- Task prompt -
Return the lines below that contain the word "Original".

(Web page caption snippets)
Segment Open

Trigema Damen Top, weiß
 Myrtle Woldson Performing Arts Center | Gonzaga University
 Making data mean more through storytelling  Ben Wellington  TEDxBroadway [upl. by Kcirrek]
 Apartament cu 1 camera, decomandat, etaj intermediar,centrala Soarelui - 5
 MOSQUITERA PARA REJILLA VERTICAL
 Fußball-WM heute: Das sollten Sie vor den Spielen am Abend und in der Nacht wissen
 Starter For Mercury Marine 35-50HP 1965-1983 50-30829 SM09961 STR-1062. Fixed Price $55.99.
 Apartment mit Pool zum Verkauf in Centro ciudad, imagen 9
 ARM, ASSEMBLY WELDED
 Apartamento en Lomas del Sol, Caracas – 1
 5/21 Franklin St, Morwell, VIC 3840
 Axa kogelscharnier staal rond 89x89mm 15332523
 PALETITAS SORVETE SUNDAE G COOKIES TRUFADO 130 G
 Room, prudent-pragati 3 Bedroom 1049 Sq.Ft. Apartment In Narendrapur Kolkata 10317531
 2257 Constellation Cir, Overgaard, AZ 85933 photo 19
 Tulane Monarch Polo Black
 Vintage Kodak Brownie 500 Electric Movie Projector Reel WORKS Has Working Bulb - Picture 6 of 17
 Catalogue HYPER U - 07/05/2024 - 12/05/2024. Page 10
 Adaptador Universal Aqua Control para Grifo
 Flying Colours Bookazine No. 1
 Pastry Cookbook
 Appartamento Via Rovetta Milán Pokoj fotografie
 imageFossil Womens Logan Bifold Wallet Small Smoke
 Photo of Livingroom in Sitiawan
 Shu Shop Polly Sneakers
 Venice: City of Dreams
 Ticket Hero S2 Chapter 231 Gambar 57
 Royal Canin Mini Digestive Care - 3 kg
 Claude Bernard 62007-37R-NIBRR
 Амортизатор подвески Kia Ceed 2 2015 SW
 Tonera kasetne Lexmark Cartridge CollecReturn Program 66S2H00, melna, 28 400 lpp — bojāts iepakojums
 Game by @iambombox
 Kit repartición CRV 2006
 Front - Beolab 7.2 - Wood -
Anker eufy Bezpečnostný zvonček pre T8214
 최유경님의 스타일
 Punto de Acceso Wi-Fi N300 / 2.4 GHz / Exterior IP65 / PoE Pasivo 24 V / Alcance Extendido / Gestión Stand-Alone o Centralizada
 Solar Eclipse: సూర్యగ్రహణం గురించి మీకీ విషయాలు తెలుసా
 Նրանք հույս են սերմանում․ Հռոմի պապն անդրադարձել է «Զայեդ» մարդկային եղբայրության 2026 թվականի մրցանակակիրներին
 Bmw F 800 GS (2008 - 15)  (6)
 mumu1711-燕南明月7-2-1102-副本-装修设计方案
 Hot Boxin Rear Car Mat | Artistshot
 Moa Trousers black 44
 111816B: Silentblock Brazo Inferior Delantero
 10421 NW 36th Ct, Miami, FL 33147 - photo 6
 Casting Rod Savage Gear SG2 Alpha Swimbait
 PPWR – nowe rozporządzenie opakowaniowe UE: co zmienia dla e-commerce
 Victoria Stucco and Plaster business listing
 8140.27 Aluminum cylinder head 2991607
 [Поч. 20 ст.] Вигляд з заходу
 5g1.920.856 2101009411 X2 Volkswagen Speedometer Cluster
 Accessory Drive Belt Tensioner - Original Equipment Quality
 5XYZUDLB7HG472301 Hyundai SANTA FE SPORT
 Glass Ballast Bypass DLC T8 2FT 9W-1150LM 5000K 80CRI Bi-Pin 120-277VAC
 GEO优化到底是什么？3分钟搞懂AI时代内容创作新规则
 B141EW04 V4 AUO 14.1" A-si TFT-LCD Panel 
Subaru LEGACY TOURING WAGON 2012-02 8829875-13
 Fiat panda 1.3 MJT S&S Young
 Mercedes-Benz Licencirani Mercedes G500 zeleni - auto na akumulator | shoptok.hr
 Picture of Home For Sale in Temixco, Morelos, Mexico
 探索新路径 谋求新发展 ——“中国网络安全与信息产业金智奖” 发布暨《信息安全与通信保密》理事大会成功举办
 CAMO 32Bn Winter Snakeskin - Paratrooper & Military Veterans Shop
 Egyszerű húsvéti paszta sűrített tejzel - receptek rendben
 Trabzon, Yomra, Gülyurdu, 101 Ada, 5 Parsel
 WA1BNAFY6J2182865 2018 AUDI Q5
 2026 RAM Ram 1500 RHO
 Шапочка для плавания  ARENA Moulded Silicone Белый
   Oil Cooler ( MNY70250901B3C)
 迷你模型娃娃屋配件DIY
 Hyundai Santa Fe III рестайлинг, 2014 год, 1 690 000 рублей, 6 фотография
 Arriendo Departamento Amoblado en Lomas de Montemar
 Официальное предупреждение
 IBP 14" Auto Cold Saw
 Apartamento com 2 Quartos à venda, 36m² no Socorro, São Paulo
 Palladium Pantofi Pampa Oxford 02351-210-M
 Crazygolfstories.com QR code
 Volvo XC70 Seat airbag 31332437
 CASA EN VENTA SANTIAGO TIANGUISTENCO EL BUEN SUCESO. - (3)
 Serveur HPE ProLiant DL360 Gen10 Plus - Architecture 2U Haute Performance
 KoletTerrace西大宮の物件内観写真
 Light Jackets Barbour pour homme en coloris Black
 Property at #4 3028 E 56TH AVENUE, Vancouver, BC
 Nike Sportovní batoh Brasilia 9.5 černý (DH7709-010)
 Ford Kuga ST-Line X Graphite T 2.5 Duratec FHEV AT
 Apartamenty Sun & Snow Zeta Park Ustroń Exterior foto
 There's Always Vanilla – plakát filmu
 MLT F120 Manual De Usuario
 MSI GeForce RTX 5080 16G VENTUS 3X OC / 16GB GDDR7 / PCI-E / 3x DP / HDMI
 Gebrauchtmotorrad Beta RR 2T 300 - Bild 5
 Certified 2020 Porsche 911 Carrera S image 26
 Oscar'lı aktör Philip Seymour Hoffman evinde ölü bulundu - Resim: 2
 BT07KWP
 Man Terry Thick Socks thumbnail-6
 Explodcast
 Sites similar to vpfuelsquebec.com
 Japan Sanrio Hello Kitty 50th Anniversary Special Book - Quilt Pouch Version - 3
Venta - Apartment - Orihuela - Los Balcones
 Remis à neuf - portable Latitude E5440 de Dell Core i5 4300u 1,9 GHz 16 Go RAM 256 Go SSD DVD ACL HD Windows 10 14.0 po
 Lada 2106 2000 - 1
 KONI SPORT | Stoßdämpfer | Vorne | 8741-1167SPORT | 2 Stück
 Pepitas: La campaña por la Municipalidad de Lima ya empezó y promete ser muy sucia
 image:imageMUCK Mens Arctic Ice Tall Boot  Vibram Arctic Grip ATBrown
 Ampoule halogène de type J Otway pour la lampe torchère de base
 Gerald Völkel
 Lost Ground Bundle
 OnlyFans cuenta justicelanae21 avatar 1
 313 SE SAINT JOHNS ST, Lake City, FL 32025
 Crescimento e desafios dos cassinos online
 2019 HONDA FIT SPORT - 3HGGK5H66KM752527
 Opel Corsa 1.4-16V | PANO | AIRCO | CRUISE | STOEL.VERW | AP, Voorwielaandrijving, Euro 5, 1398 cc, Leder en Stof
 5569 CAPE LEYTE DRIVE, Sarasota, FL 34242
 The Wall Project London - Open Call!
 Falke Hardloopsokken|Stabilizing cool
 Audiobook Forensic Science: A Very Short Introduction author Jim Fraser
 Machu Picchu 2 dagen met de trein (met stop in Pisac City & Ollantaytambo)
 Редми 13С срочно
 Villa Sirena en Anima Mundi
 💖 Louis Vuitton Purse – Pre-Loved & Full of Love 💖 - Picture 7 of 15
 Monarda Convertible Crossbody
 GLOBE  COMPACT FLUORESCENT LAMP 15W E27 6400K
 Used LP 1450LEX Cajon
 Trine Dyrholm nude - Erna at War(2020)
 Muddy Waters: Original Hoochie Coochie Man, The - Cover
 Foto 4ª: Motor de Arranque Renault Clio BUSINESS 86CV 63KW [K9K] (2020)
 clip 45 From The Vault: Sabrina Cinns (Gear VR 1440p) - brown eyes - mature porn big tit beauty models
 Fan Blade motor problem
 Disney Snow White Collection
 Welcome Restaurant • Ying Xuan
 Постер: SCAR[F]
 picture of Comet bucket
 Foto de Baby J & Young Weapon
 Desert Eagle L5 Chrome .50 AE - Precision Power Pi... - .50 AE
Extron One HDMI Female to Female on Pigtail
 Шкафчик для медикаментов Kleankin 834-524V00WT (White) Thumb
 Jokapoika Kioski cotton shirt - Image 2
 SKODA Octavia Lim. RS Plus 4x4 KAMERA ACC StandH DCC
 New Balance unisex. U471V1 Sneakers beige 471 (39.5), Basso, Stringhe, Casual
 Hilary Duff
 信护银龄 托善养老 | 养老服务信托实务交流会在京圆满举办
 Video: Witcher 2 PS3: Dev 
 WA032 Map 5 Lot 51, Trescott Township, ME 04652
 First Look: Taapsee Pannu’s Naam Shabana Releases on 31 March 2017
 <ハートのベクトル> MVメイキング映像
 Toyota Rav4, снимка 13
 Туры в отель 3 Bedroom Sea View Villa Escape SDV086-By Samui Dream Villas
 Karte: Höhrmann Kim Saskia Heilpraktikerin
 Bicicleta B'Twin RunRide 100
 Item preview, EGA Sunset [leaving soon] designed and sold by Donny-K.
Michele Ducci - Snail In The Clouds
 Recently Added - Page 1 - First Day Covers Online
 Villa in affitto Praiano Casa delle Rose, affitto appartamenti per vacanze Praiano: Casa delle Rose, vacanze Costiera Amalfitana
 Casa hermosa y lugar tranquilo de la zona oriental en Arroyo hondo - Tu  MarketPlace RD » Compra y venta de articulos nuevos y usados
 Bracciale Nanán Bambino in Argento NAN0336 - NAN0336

Segment Closed

- Completed exercise -
 Accessory Drive Belt Tensioner - Original Equipment Quality
 Muddy Waters: Original Hoochie Coochie Man, The - Cover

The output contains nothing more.